Records from a data source:
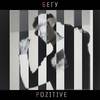 Бегу (Explicit) - Pozitive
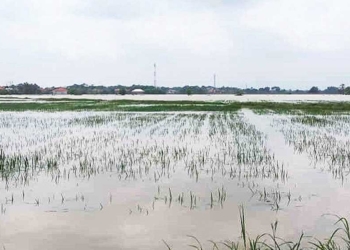 Baru Dipupuk Pertama, Tanaman Padi Berusia 2 Pekan Mati Terendam Banjir di Indramayu 5 Hari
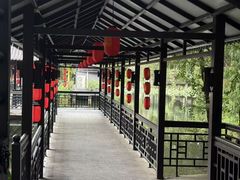 -侨美·唐荔园·40年地道粤菜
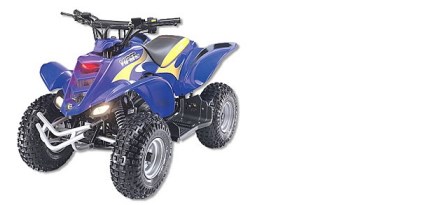 E-Ton Viper 50 mini 2009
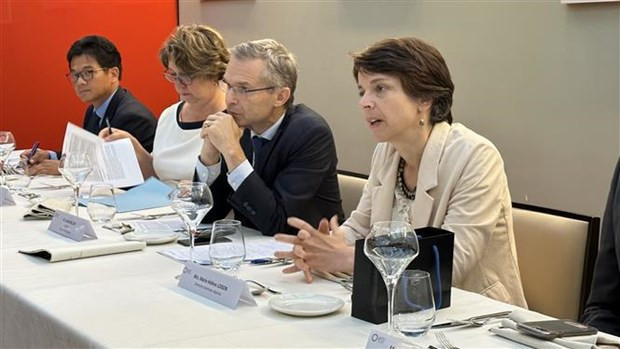 El viceprimer ministro vietnamita Tran Hong Ha se reunió con la vicedirectora general de la Agencia Francesa de Desarrollo (AFD), Marie Helene Loison. (Foto: VNA) El viceprimer ministro vietnamita Tran Hong Ha se reunió con la vicedirectora general de la Agencia Francesa de Desarrollo (AFD), Marie Helene Loison. (Foto: VNA)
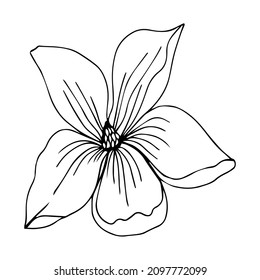 Vector illustration sketch linear magnolia on a white background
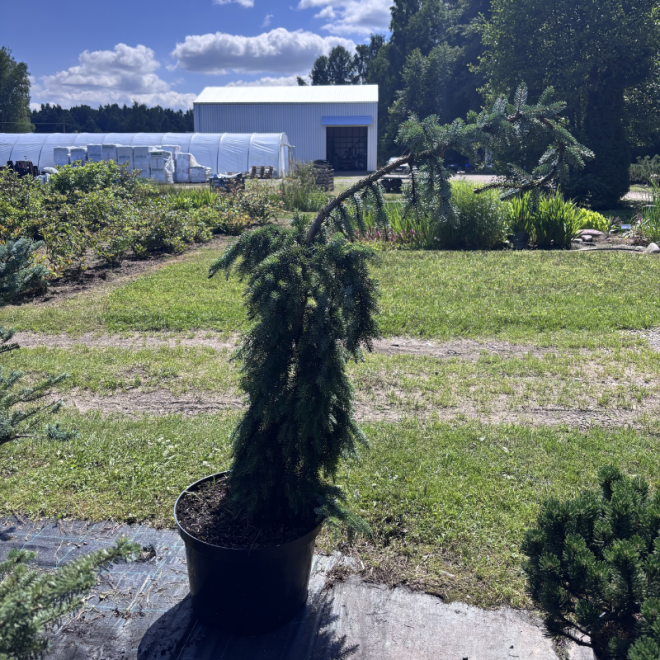 Eglė svyranti (Picea)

### Exercise objective:
Reproduce the data word for word; no pictures.

### Exercise result:
 Бегу (Explicit) - Pozitive
 Baru Dipupuk Pertama, Tanaman Padi Berusia 2 Pekan Mati Terendam Banjir di Indramayu 5 Hari
 -侨美·唐荔园·40年地道粤菜
 E-Ton Viper 50 mini 2009
 El viceprimer ministro vietnamita Tran Hong Ha se reunió con la vicedirectora general de la Agencia Francesa de Desarrollo (AFD), Marie Helene Loison. (Foto: VNA) El viceprimer ministro vietnamita Tran Hong Ha se reunió con la vicedirectora general de la Agencia Francesa de Desarrollo (AFD), Marie Helene Loison. (Foto: VNA)
 Vector illustration sketch linear magnolia on a white background
 Eglė svyranti (Picea)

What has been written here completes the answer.